Suprenant Borges qui ne laisse pas entrer facilement dans ses récits. Fictions, livre le plus conseillé et le plus lu de l’auteur argentin, demande à son lecteur de s’adapter.
S’adapter d’abord parce qu’il faut de solides références littéraires pour capter toute l’intelligence des textes. S’adapter ensuite parce que le style de Borges déstabilise, de prime abord.
Imaginez un savant mélange d’une écriture réaliste à la Balzac, d’un fond fantastique à la Poe, et d’une atmosphère proche des contes persans. On classe Borges parmi les auteurs les plus talentueux du siècle sans doute pour ce style qu’on ne peut attribuer à aucun autre. Ca perturbe et ça étonne, cette signature dans l’écriture.
L’atmosphère, elle, dérange parce qu’elle n’est pas traditionnelle des écrits fantastiques. Trop mélangée avec celle du conte, l’écriture rend un univers qui n’est pas palpable et donc qui chamboule les sens, en pleine lecture.
Les rêves sont forcément agités si l’on s’endort avec Borges.
Si la forme est novatrice, ou unique, le fond l’est tout autant. Borges refuse les limites, interroge les sciences, met le monde sens dessus dessous.
Fictions n’est pas un recueil de nouvelles comme on le présente souvent. C’est un livre de textes courts, difficilement définissables en terme de genre. Des textes mixtes, qui nécessitent qu’on y reviennent. Avec Borges, la fonction de deuxième lecture prend tout son sens.

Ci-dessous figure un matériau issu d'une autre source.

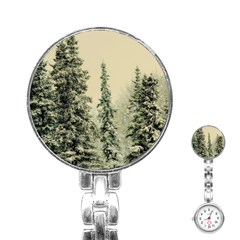 Winter Snow Frost Landscape Forest Trees Woods Stainless Steel Nurses Watch by danenraven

Fictions est découpé en deux parties. La première est composée de huit pièces. Celle qui, à mon sens, est la plus sublime s’intitule Examen de l’oeuvre d’Herbert Quain. La septième. Borges explique dans son prologue : « J’ai préféré écrire des notes sur des livres imaginaires ». Et c’est ce qu’il fait dans ce septième texte. L’auteur interroge la littérature (sa littérature ?) à partir de l’oeuvre fictive d’un auteur fictif.
« Flaubert et Henry James nous ont habitués à supposer que les oeuvres d’art sont rares et d’une réalisation laborieuse; le XVIe siècle ne partageait pas cette opinion désolante. (…) La bonne littérature est assez commune et c’est à peine si le dialogue de la rue ne la vaut pas ».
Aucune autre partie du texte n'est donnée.